Pape

Un signe de la perte de culture chrétienne

Dans le quotidien français Libération, Bernadette Sauvaget propose un bel article sur les funérailles de Joseph Razinger, jadis pape sous le nom de Benoît XVI, (« Aux funérailles de Benoît XVI, l’hommage sobre de François ». J’en tire un court extrait:

Que la rédaction juge utile de préciser que le « Père », avec une majuscule, renvoie à Dieu signale de manière particulièrement évidente la perte d’une culture chrétienne.

Je ne juge pas, je constate. Et comme théologien habitué à m’exprimer dans les médias et sur les réseaux sociaux, je prends note.


À propos de la théologie de Joseph Ratzinger, on peut lire ma série d’articles:

Et à propos du destin post mortel d’un pape, on peut lire mon billet: Le sang de Jean-Paul II à Montréal

François, pape à Rome, je vous dis merci!

Il n’y a pas de hasard.

Vendredi, j’adresse une lettre ouverte au pape François (voir mon billet Lettre à François, pape à Rome à propos de la finale de la coupe du monde de football) pour lui suggérer de partager une théologie évangélique du football.

Dimanche le pape François lance un appel à « célébrer la victoire dans l’humilité » (lire l’article sur le site de TV5 Monde).

Monsieur le pape, cher François, je vous dis simplement merci de m’avoir lu, compris et suivi. Pas pour moi, mais au nom du football.

Lettre à François, pape à Rome à propos de la finale de la coupe du monde de football

Monsieur le pape, cher François,

J’apprends par les médias que vous hésitez à regarder la finale de la coupe du monde de football.

Vous seriez partagé entre votre passion du football avec le plaisir de voir votre pays remporter – peut-être – sa troisième étoile et votre conscience face aux atteintes aux personnes et à la planète que cause cet événement démesuré.

Je n’ai pas de conseil à vous donner, mais une suggestion à vous faire.

Projetez la rencontre dans la basilique Saint-Pierre! Invitez du public! Et profitez de l’occasion pour délivrer un évangile hyperspécialisé avant la rencontre, pendant la mi-temps et après la remise de la coupe!

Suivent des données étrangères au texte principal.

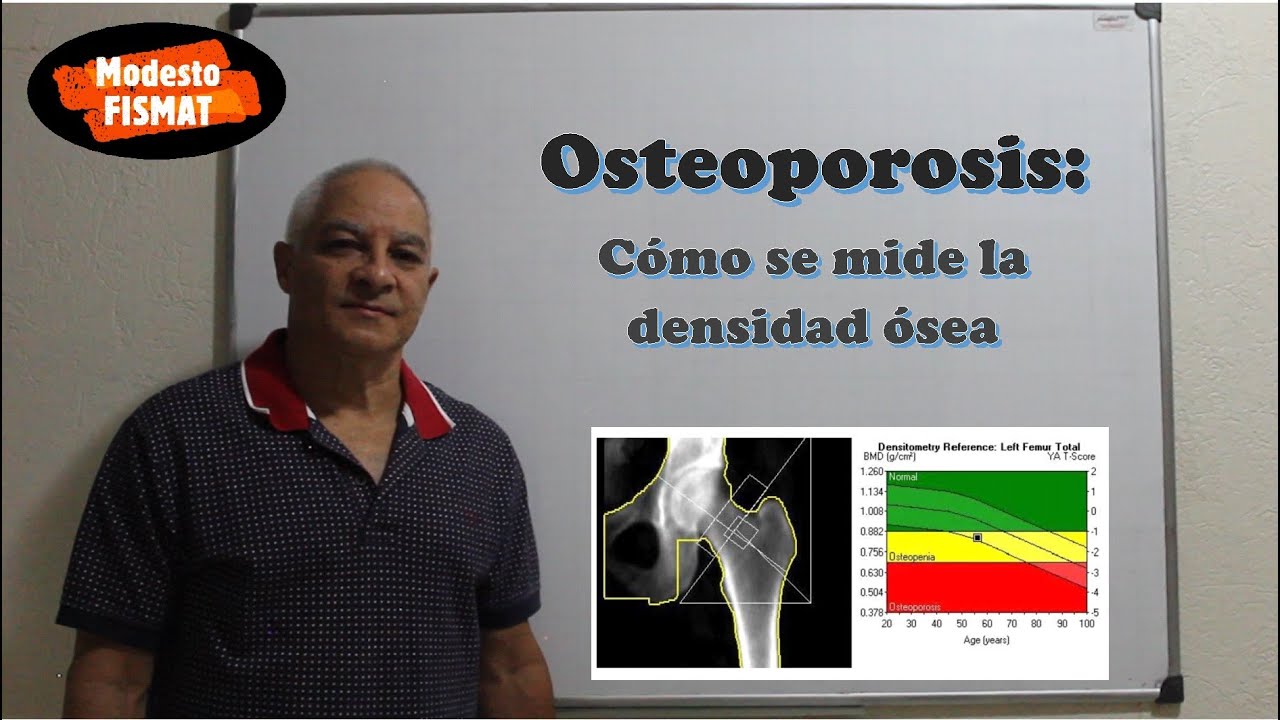 Osteoporosis: Cómo se mide la densidad ósea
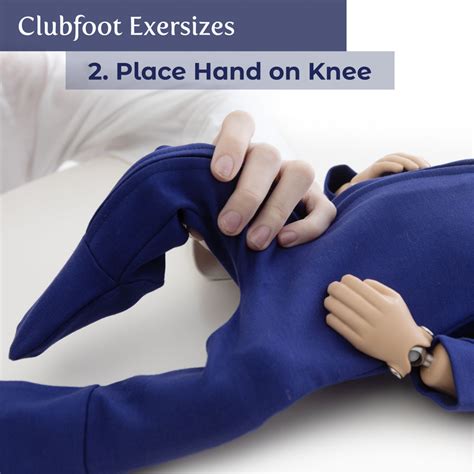 Clubfoot Exercises - StandInBaby®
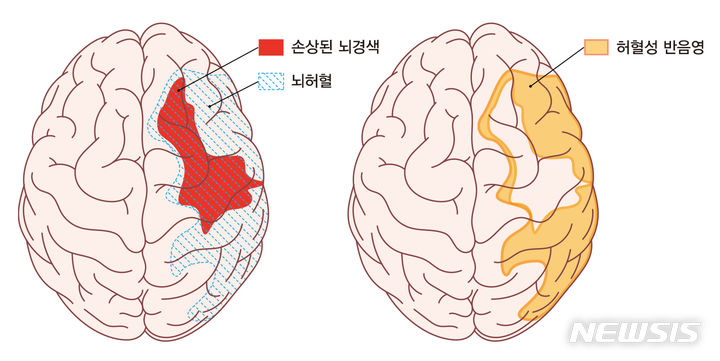 [서울=뉴시스]뇌경색은 뇌혈관이 막히면서 수 시간 내 뇌세포의 괴사가 시작되는데, 뇌경색 치료의 핵심 부위인 ‘허혈성 반음영 부위’의 혈류 재개통을 놓치게 되면 영구적 장애나 사망에도 이를 수 있다. (사진= 강동경희대병원 제공) 2024.05.22. photo@newsis.com. 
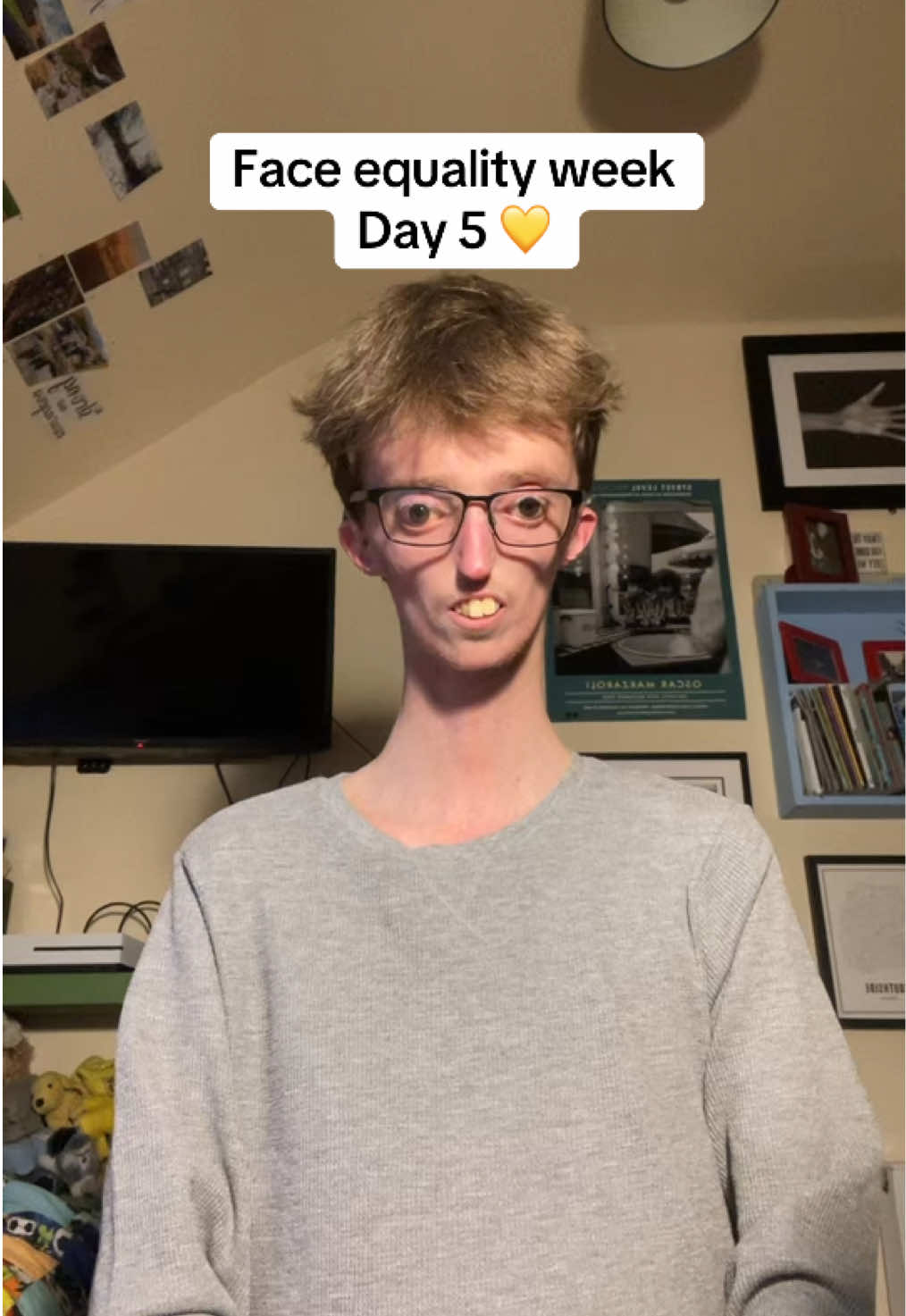 Face equality week - Day 5 💛 We are always to quick to judge and we mostly don’t look at things closely to realise there is something beautiful within. 💛 Remember to be kind and smile and wave to people as they walk by. 💛 #fyp #foryoupagе #trendingnow #relateablecontent #relateable #trends #viralnow #fypsounds #fyppp #getmeontheforyoupage #viral #loveandpositivity #keepsmiling #trendingvideos #trendingsound #dailypost #disabilitytiktok #motivation #faceequality #faceequalityweek #changingfaces #visibledifference #sharethevideo #motivationalspeech #inspiration #inspireothers #youareenough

Vous pourriez parler de fraternité, rappeler qu’on ne joue pas contre une autre équipe mais avec elle. Vous pourriez dénoncer la FIFA comme une nouvelle Babylone. Et, suivant le déroulement de la partie, vous pourriez évoquer la possibilité, peut-être la réalité d’un miracle ou annoncer l’avénement d’un Messi. Enfin aux partisan·es des champions, vous pourriez redire que la vraie couronne est au ciel et aux autres que Dieu est toujours du côté des vaincus.

Avec mon amour en Christ.

Le lavement des pieds: orgueil ou humilité?

Aujourd’hui, dans mon cours « Un christianisme qui fait du bien », deux étudiantes m’ont appris que les Églises catholiques romaines et adventistes pratiquaient ce que le christianisme appelle « le lavement des pieds » (pour ma part, je parlerais plutôt de « lavage des pieds », puisqu’un lavement concerne une autre partie de l’anatomie). Pour mémoire, c’est un geste que l’évangile de Jean attribue à Jésus. Lors de son dernier repas, il aurait lavé les pieds de ses disciples et leur aurait ordonné de faire de même: « Vous devez vous laver les pieds les uns aux autres » (évangile attribué à Jean, chapitre 13).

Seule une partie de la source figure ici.